**ABOUT THIS EXERCISE**. Give again, word for word, each line of the data from the first through the one containing "Купить Gloria Vanderbilt". Pictures stay out.

**PROVIDED MATERIAL**.
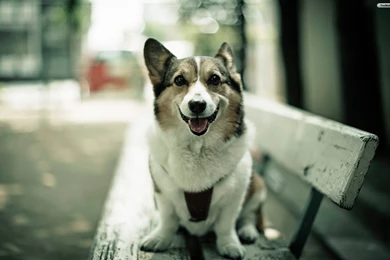 YouWall   Happy Dog Wallpapers   Wallpaper,wallpapers,free ...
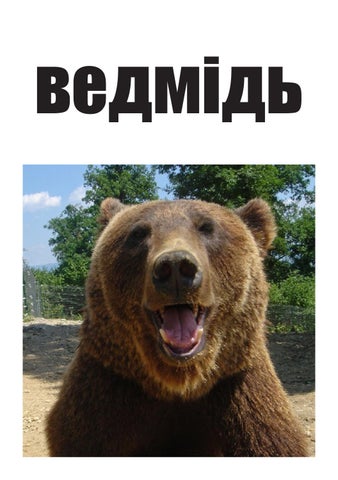 homework in InDesign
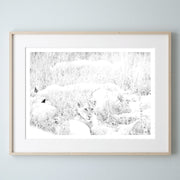 Lion Cub Print 3
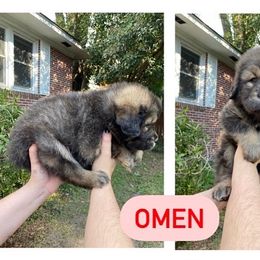 Neapolitan Mastiff and Tibetan Mastiff Puppies from Carolina Coastal Mastinos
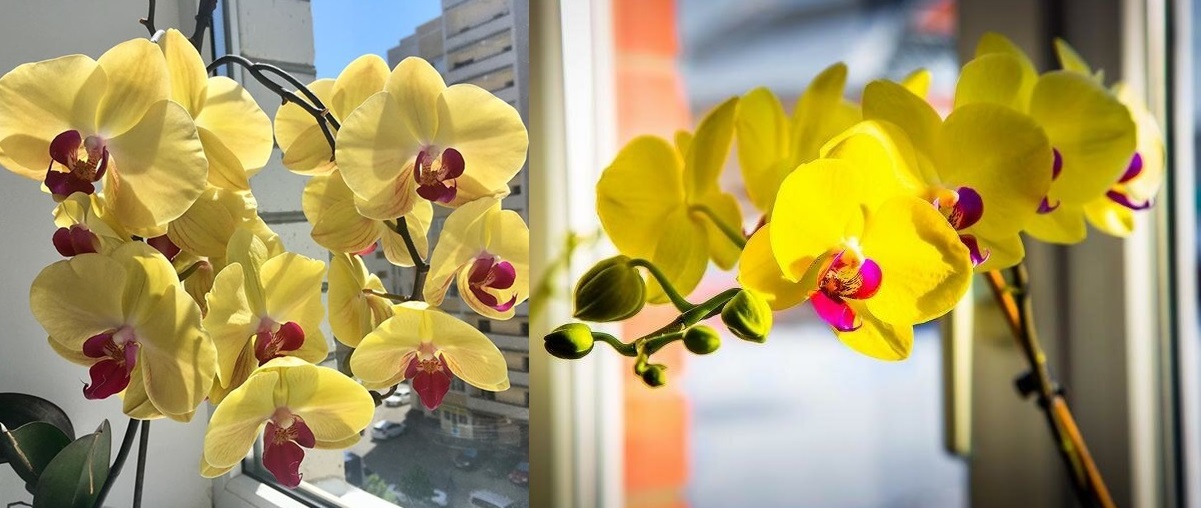 De ce ar trebui sa ai o orhidee galbena acasa?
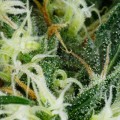 GREEN HOUSE SEEDS - Arjan's Ultra Haze #1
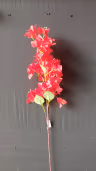 Bougainvillea long bunch red 1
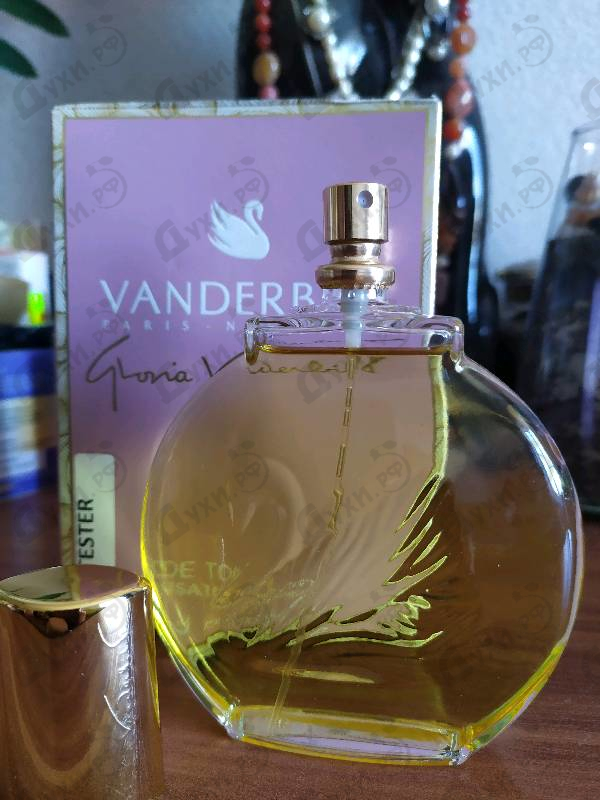 Купить Gloria Vanderbilt Vanderbilt Духи Vanderbilt от Gloria Vanderbilt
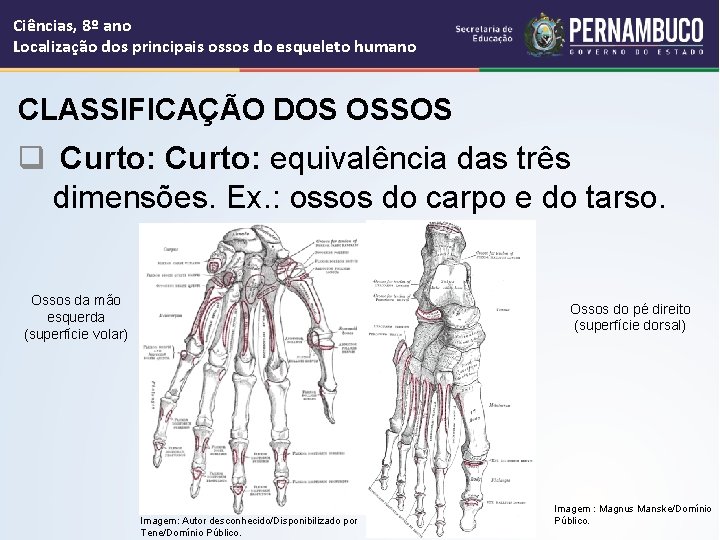 Ciências, 8º ano Localização dos principais ossos do esqueleto humano CLASSIFICAÇÃO DOS OSSOS q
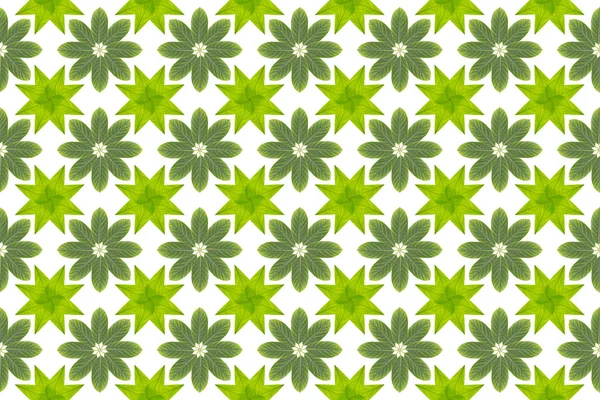 Цветочный узор зеленого листа — стоковое фото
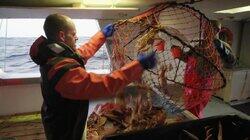 The End Of The Line The End Of The Line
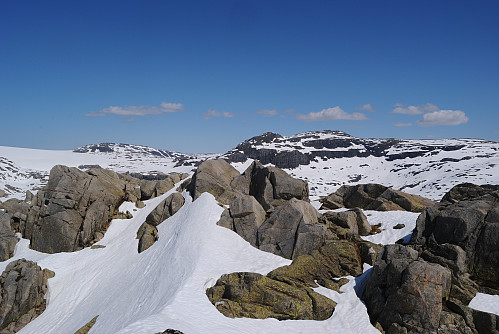 Toppen av Springborgnuten, 1209 moh.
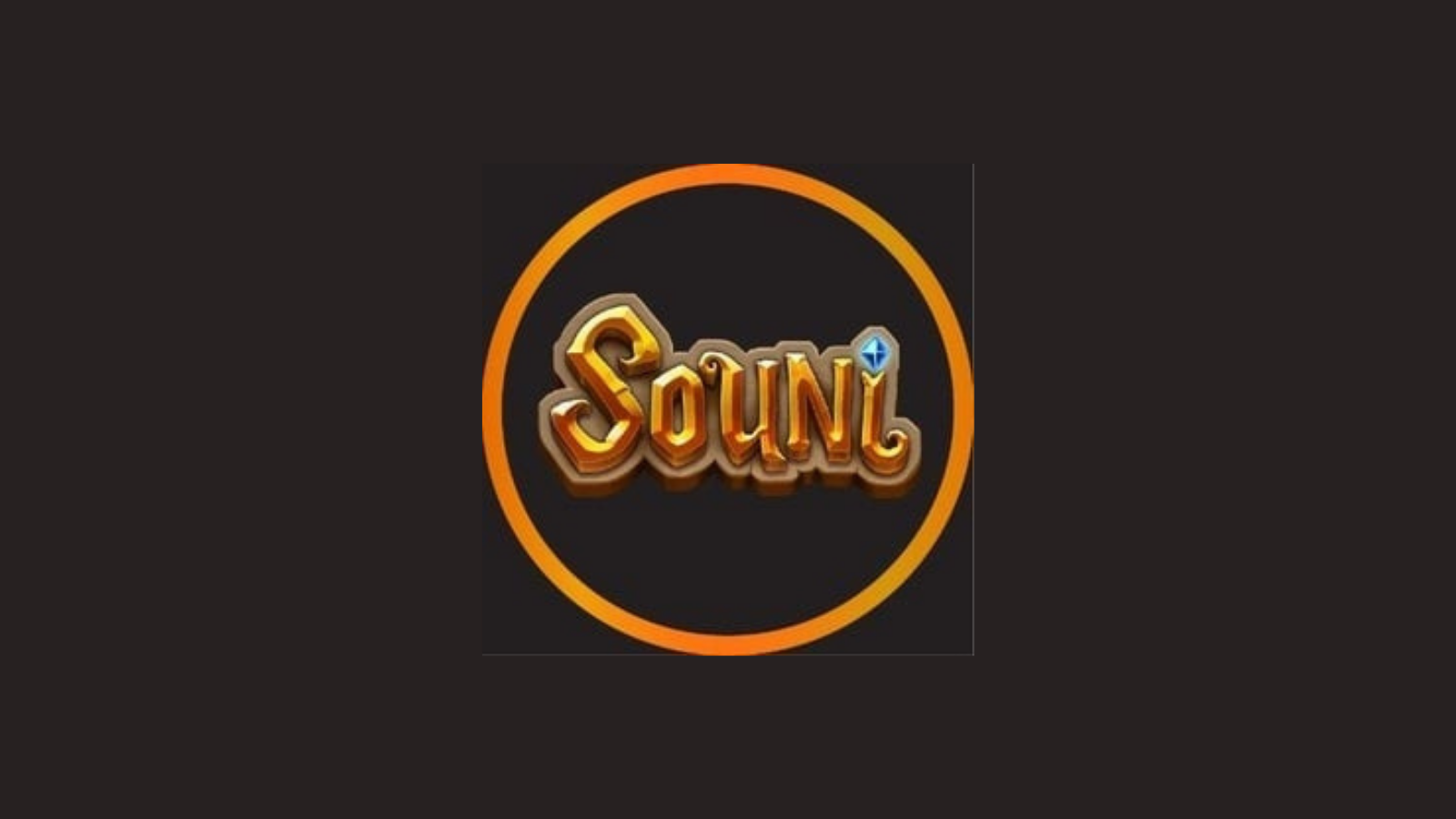 souni crypto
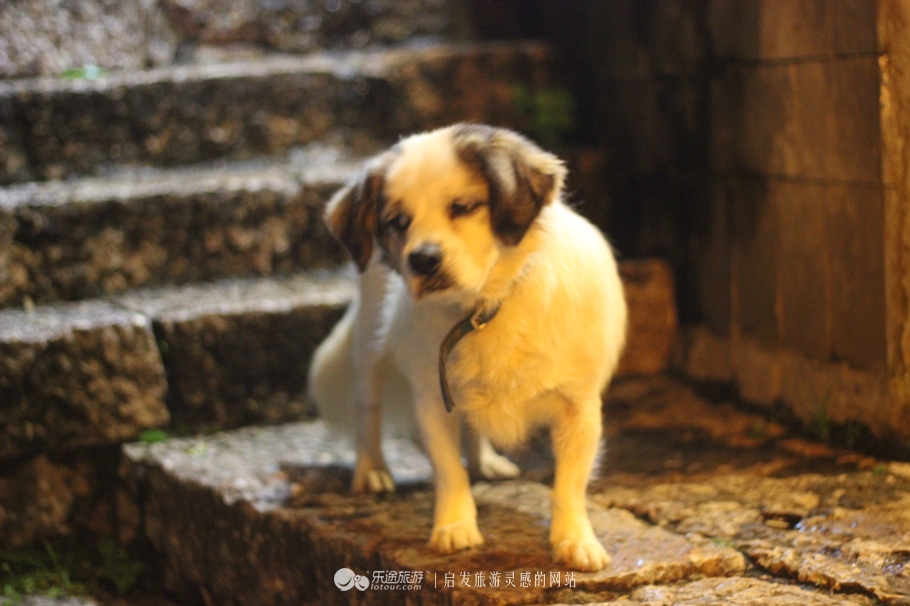 丽江古城的美丽夜景,丽江古城真的是个很美丽的地方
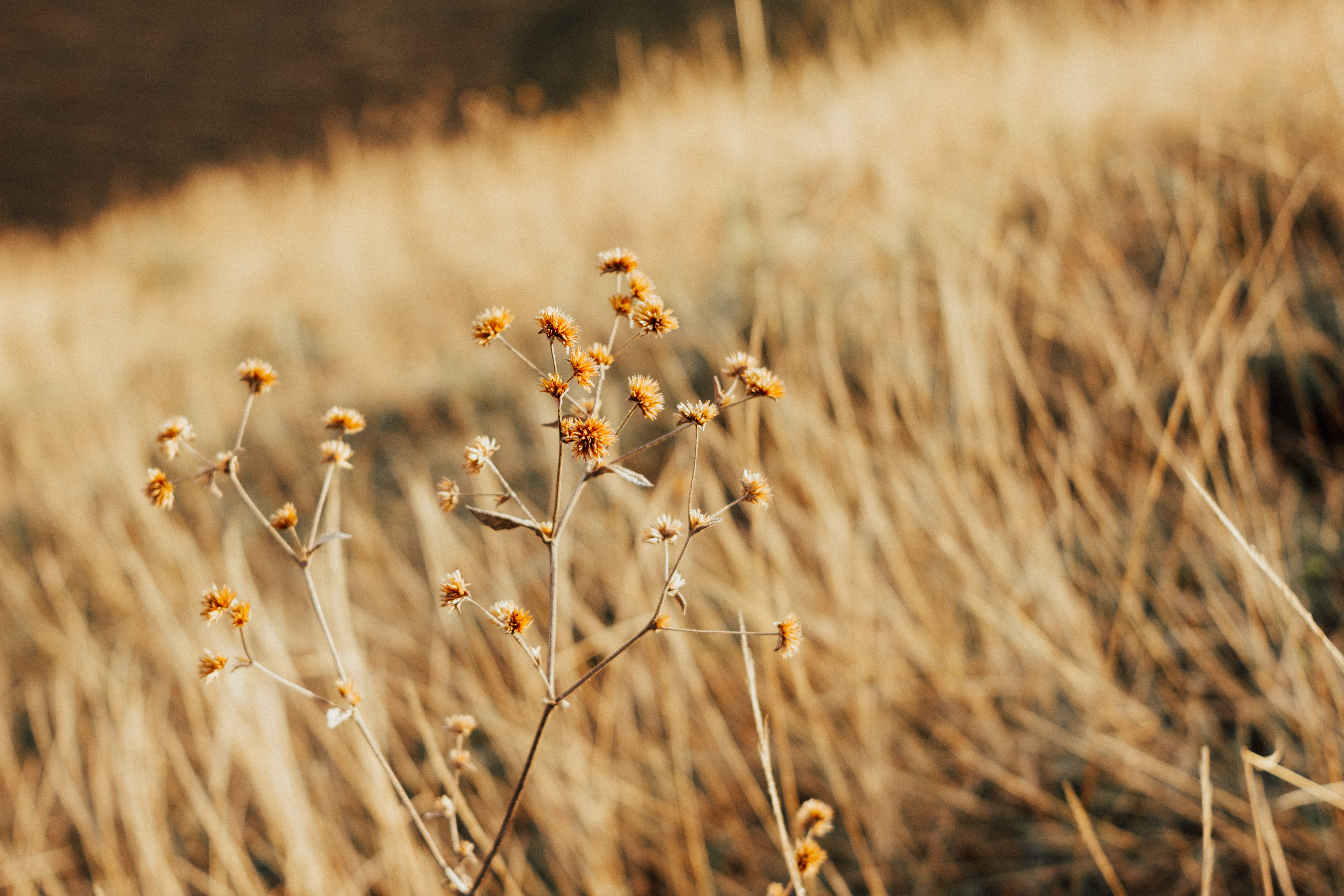 environment, crop, grass, flower, nature, 5K, gold colored, rural scene, shallow, cereal plant, tranquility, fall, autumn, growth, summer, close-up, no people, HD Wallpaper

**ANSWER BELOW**.
 YouWall   Happy Dog Wallpapers   Wallpaper,wallpapers,free ...
 homework in InDesign
 Lion Cub Print 3
 Neapolitan Mastiff and Tibetan Mastiff Puppies from Carolina Coastal Mastinos
 De ce ar trebui sa ai o orhidee galbena acasa?
 GREEN HOUSE SEEDS - Arjan's Ultra Haze #1
 Bougainvillea long bunch red 1
 Купить Gloria Vanderbilt Vanderbilt Духи Vanderbilt от Gloria Vanderbilt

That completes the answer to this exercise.